The National Oceanic and Atmospheric Administration (NOAA) satellite team called out some of Cristobal's historic records in a tweet on Wednesday, saying it was the farthest northwest a tropical system has traveled in North America. It was only the third system of its kind to cross the state of Wisconsin and was the first on record to cross Lake Superior._


*Tropical cyclone Cristobal set some wild new weather records*
The storm went on a historic journey to the Great Lakes.
https://www.cnet.com/news/tropical-cyclone-cristobal-set-some-wild-new-weather-records/


----------



## Pinky (Jun 11, 2020)

Lakeland living said:


> About 9 pm tonight we had winds and rain come through for about an hour. Twice the power flickered but stayed on, for thousands of others
> from here to the US boarder it did not. A second set of storms with all the included surprises will be here in a few hours.
> To those about to go through this, stay safe.  I am in my chair to watch some wonders unfold...
> 
> https://toronto.ctvnews.ca/photo-galleries/storm-lashes-southern-ontario-1.1873503


We were fortunate not to be hit in our area in Toronto. It just never materialized.


----------



## Keesha (Jun 11, 2020)

Our power went out for a while last night and a huge branch came down off of one of our maple trees out front landing on a bridal bush. Luckily neither one of us were out at the time. It happened so suddenly . I’m glad you’re ok Lakeland Living.
We are in a snow belt and tornado zone so get crazy winds where we are. A few years ago we had a tornado pass through. It took down several houses in a nearby neighbourhood but luckily nobody was seriously injured. Some of the huge trees it took down were shocking. There were so many trees on the ground pulled up from their roots so many tree roots were showing in the area. Weather can be so unpredictable.


----------



## JustBonee (Jun 11, 2020)

That was such a long distance,  from the Gulf of Mexico,   for the force of that storm to hold together! 
Glad you guys are okay.

The whole system breezed by us.  No rain or anything.


----------



## Lakeland living (Jun 11, 2020)

Keesha said:


> Our power went out for a while last night and a huge branch cane down off of one of our maple trees out front landing on my bridal bush. Luckily neither one of us were out at the time. It happened so suddenly . I’m glad you’re ok Lakeland Living.
> We are in a snow belt and tornado zone so get crazy winds where we are. A few years ago we had a tornado pass through. It took down several houses in a nearby neighbourhood but luckily nobody was seriously injured. Some of the huge trees it took down were shocking. There were so many trees on the ground pulled up from their roots so many tree roots were showing in the area. Weather can be so unpredictable.

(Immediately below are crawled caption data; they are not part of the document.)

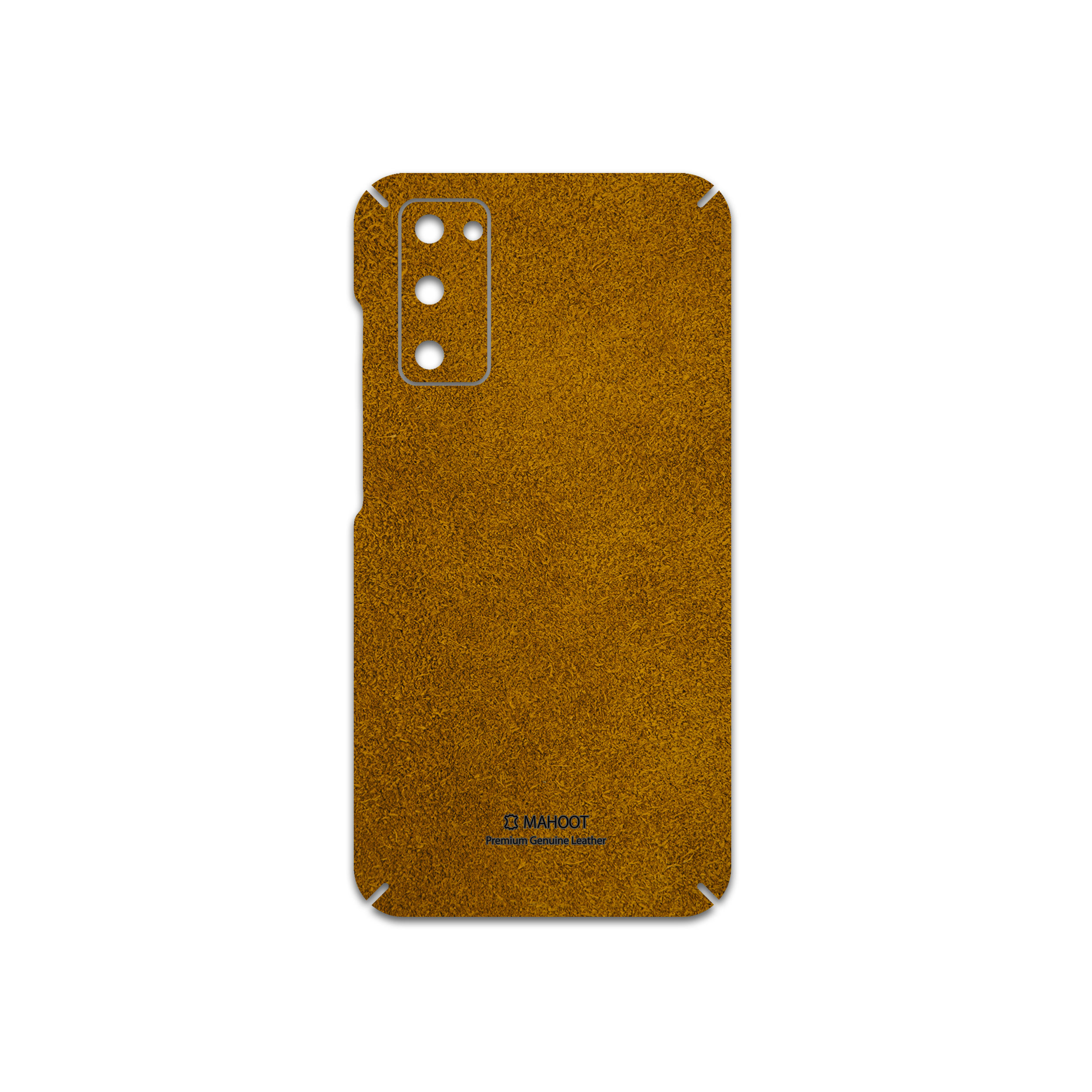 برچسب پوششی ماهوت مدل Brown-Chamois-Leather مناسب برای گوشی موبایل سامسونگ Galaxy S20 FE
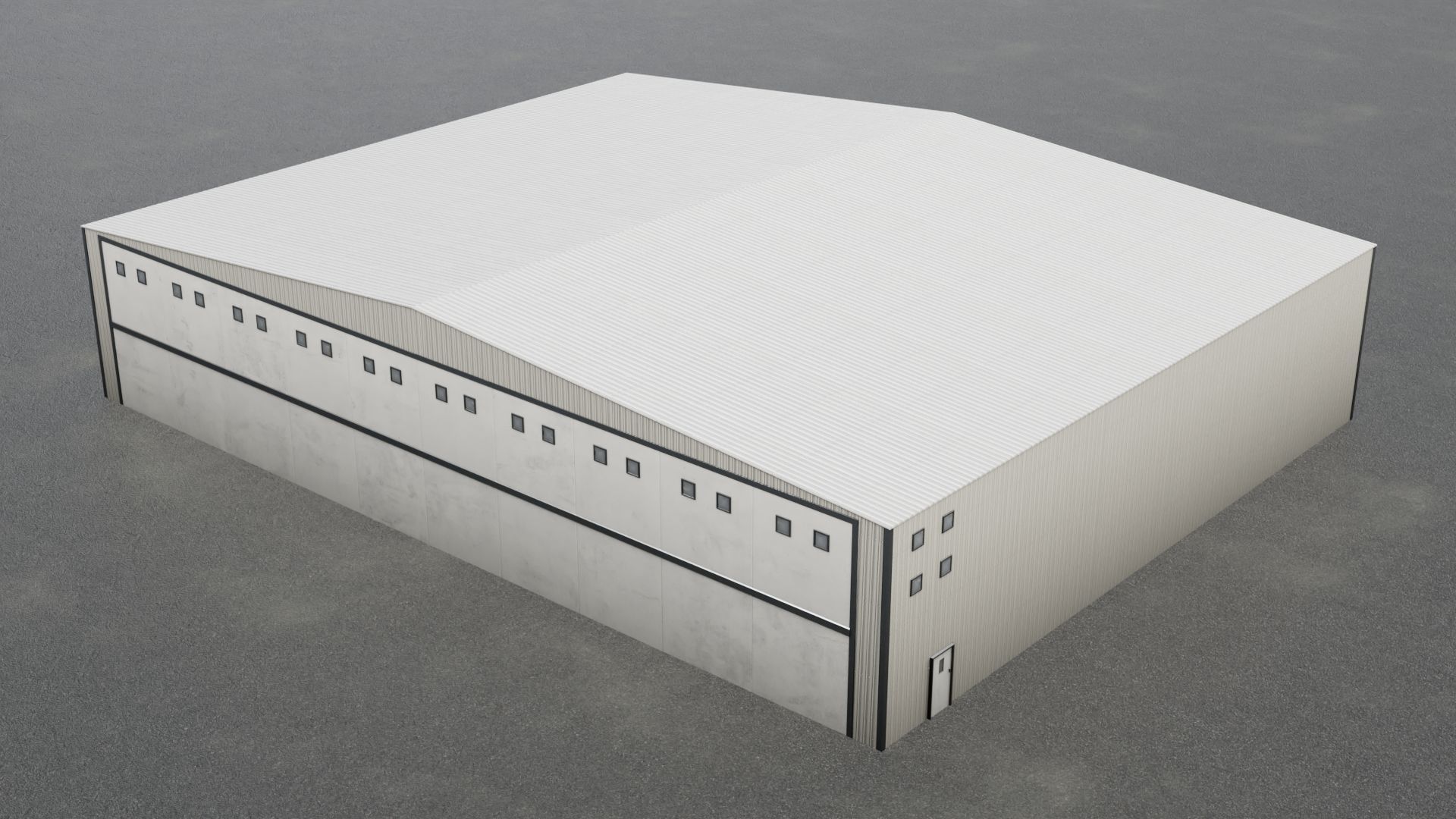 Airfield Hangar Collection Low-poly 3D model_57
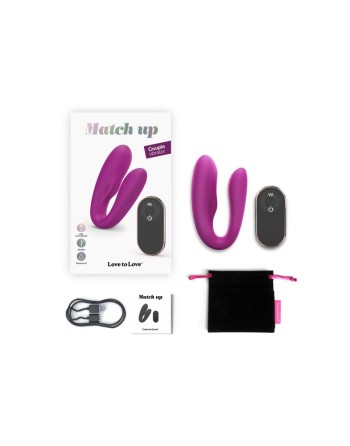 MATCH UP - Sweet Orchid - Jouet pour couple télécommandé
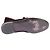 Autre Marque Mocassins em veludo ameixa Bordeaux - vista 5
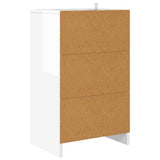 Bedside Table High Gloss White 40 x 30 x 467 cm Engineered Wood 888915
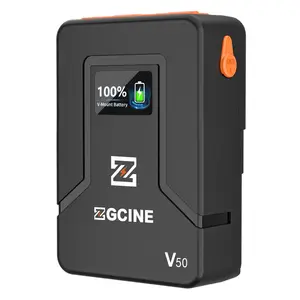 ZGCINE ZG V50 ZG-V50 V-образный аккумулятор V-Lock литиевая батарея для Type-C USB Micro pocket батарейки для камер смартфонов и ноутбуков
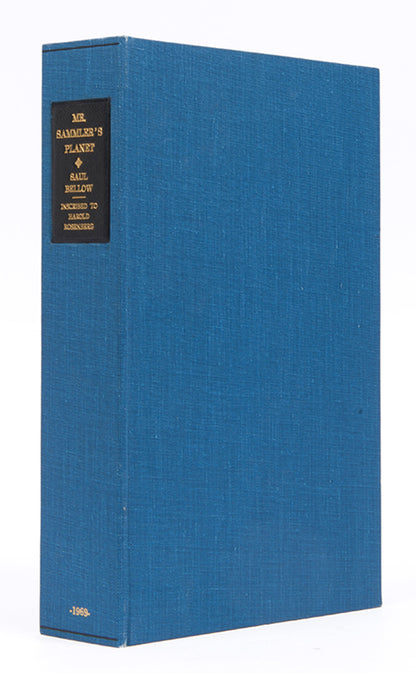 First edition of Mr Sammler's Planet by Saul Bellow, inscribed by the author to Harold Rosenberg.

Power came on about an hour ago, I am fine here though a few people on the next lake did not do so well. One lady hurt but not seriously. Some damages, trees mostly up this way, I am hearing further south was worse. Good to hear that you are both well Keesha and thanks. All is well here.
       First storm to hit this high up from the Gulf, My vote is to close the border on those storms.
       Hope everyone south of here is fine also.


----------



## Keesha (Jun 11, 2020)

Lakeland living said:


> Power came on about an hour ago, I am fine here though a few people on the next lake did not do so well. One lady hurt but not seriously. Some damages, trees mostly up this way, I am hearing further south was worse. Good to hear that you are both well Keesha and thanks. All is well here.
> First storm to hit this high up from the Gulf, My vote is to close the border on those storms.
> Hope everyone south of here is fine also.


That’s good news Lakeland Living. I’m glad nobody got seriously injured. We  will have to carry  this huge branch to the backyard or just cut it up with a chainsaw and use it for firewood. 

Stay safe LL


----------



## MarciKS (Jun 11, 2020)

RadishRose said:


> In the US tooo
> *More than 600,000 Lose Power as Winds Blow Over Semis, Topple Trees in Michigan, Indiana, Ohio, Kentucky, Pennsylvania*
> https://weather.com/news/news/2020-...orms-rain-indiana-michigan-ohio-power-outages
> 
> Everyone be careful


That might explain the quick power snap here in KS yesterday.


----------